- **STUDY MATERIAL**

::::::::::

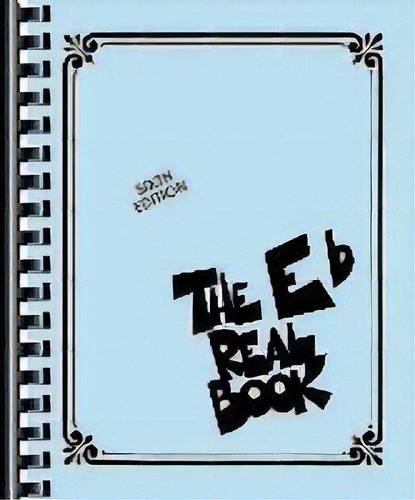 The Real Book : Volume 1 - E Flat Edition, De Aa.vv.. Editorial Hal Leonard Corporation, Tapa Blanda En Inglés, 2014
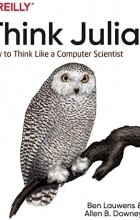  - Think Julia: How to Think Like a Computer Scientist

::::::::::

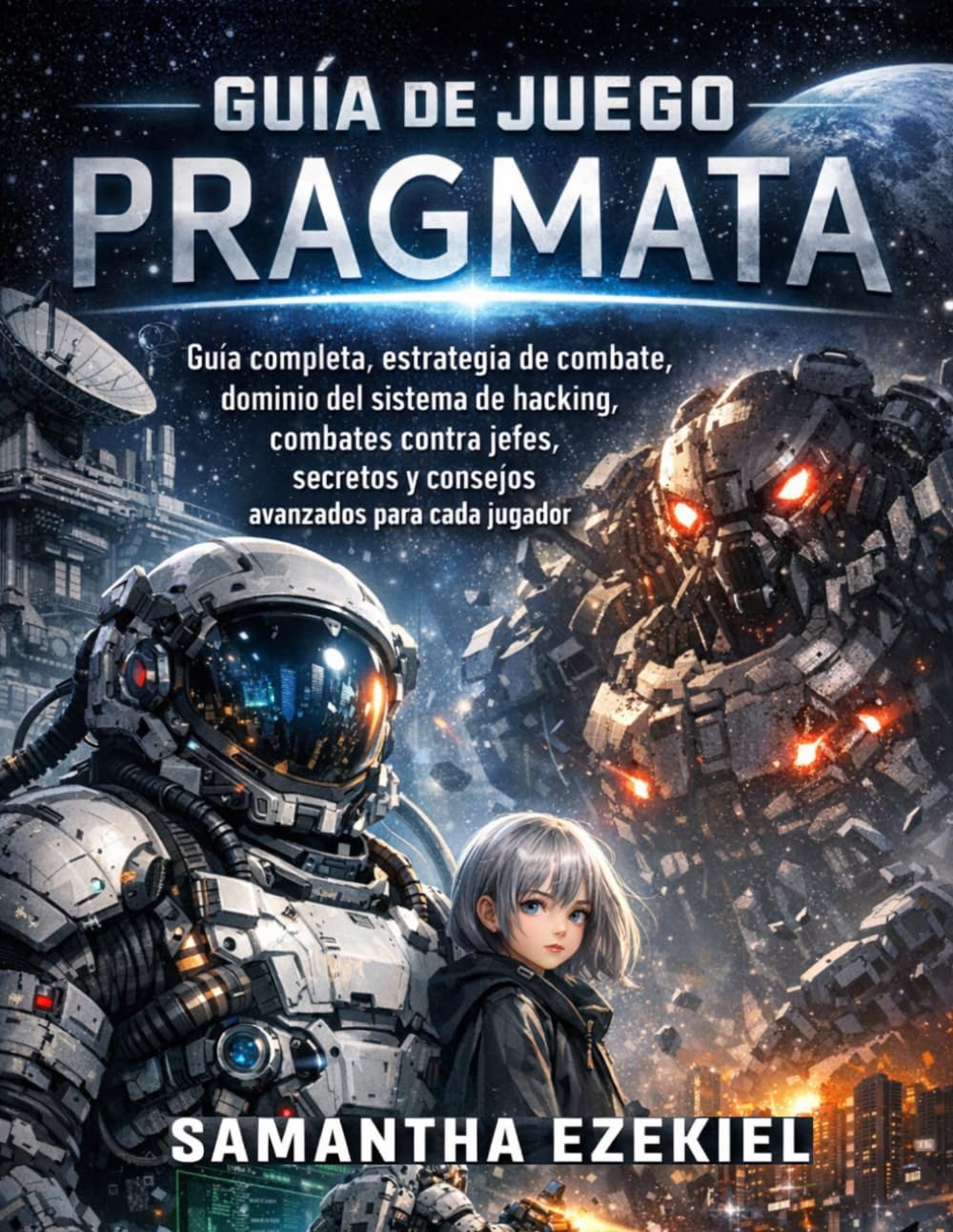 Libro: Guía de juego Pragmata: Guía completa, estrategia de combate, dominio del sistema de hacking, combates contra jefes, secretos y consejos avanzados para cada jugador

::::::::::

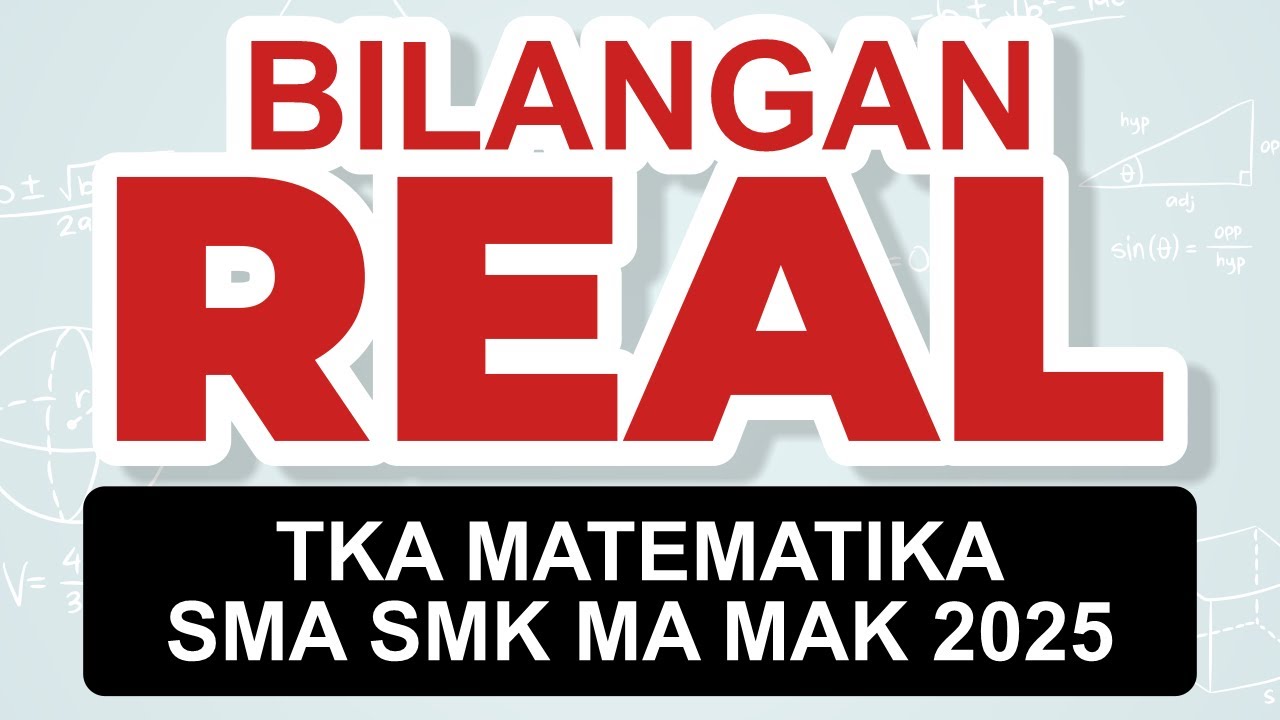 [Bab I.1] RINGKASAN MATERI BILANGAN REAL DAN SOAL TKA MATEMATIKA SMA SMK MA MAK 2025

::::::::::

- **TRY IT**
Set down word for word the lines above from the one with "The Real Book" up to and including the one with "- Think Julia: How". Omit every picture.

- **REPLY TO THE EXERCISE**
 The Real Book : Volume 1 - E Flat Edition, De Aa.vv.. Editorial Hal Leonard Corporation, Tapa Blanda En Inglés, 2014
  - Think Julia: How to Think Like a Computer Scientist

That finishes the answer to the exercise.